A tutto questo vanno aggiunte le criticità di settore già esistenti prima della crisi sanitaria, quali la necessità di una vera e propria riforma del comparto e il trasferimento di risorse adeguate da parte del governo centrale. Manca, purtroppo, ancora una visione di insieme per rendere il trasporto pubblico locale volano straordinario per lo sviluppo economico dell’Italia, non si registrano scelte misurate e investimenti nel settore per assicurare un servizio pubblico di maggiore quantità e qualità per lavoratori e utenti. Le inefficienze sono disparate, un settore ancora troppo frammentato in cui i processi di aggregazioni sono condizionati dalle norme e, talvolta, da interessi di sorta. Tutte queste criticità fanno parte dei punti posti alla base dello sciopero proclamato per il giorno 8 febbraio. A tutte queste rivendicazioni avanzate dalle Organizzazioni Sindacali, si è ricevuto, purtroppo, il netto diniego delle associazioni datoriali ad aprire la trattativa di rinnovo contrattuale. Una posizione rigida, quella delle rappresentanze aziendali, che hanno manifestato l’impossibilità di aprire un confronto dovuta alla crisi finanziaria causata dalla pandemia da Covid-19. Anche qui, evidentemente, una breve analisi va fatta in quanto va evidenziata, nel merito, la posizione pretestuosa delle associazioni datoriali. Intanto, senza voler enumerare le risorse che il governo centrale ha destinato al settore e quindi alle aziende, le associazioni datoriali dimenticano come dall’inizio della pandemia vi sia stata, comunque, una riduzione dei costi per le aziende infatti, con la contrazione dei servizi intrapresa, i costi gestionali si sono ridotti così come, l’applicazione degli ammortizzatori sociali per i lavoratori interessati dalle stesse misure ha decisamente abbattuto le spese sul personale. Le motivazioni economiche esibite e collegate al Covid-19, dunque, considerato anche che l’emergenza sanitaria si è rivelata tale nel corso dell’anno 2020, appaino forse troppo sterili rispetto alla “vacanza contrattuale” riferita invece al triennio 2018-2020.

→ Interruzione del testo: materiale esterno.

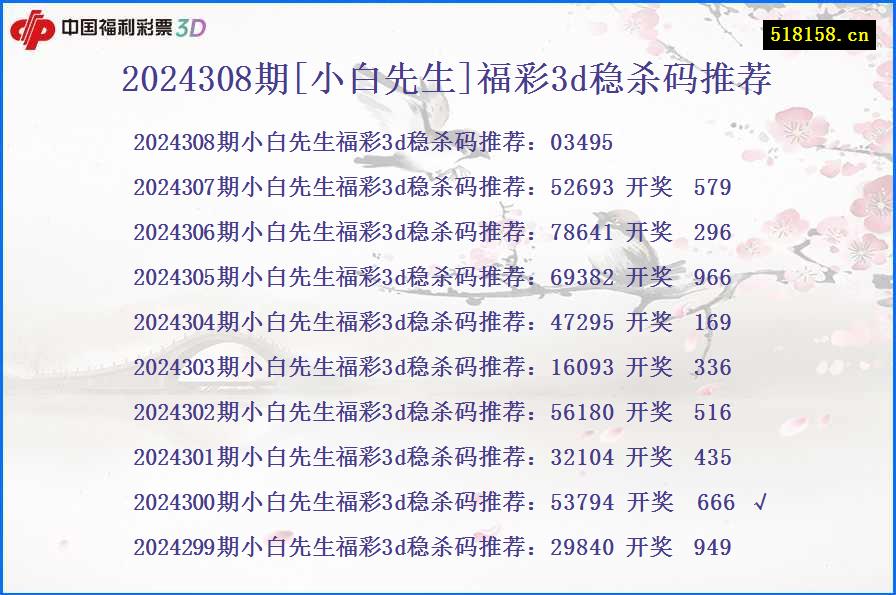 2024308期[小白先生]福彩3d稳杀码推荐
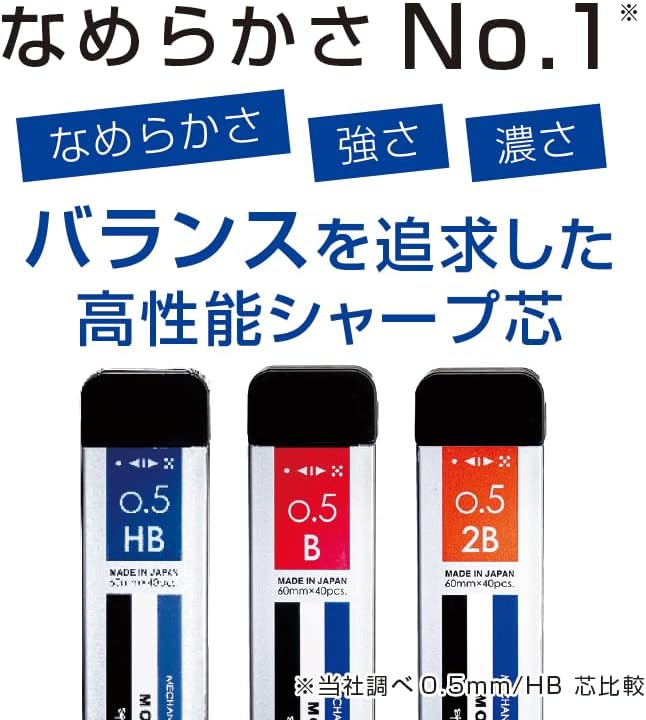 TOMBOW  R5-MGHB72-5P Sharp Lead  Monograph MG 0.5mm HB Gray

A queste posizioni si poteva rispondere in un unico modo, con l’unico strumento legittimo di protesta che la legge permette, con l’unica azione che possa rappresentare il disagio di una intera categoria impegnata quotidianamente a garantire il diritto costituzionale alla mobilità dei cittadini. Lo sciopero nazionale, oltre alle rivendicazioni proprie di specie, può diventare anche un momento di riflessione per assumere consapevolezza che, nella necessaria ripartenza del Paese, deve essere contemplata quella del miglioramento di sistema del trasporto pubblico locale auspicando, intanto, che i lavoratori del settore non debbano attendere 7 anni per vedersi rinnovato il contratto nazionale come accaduto per quello precedente.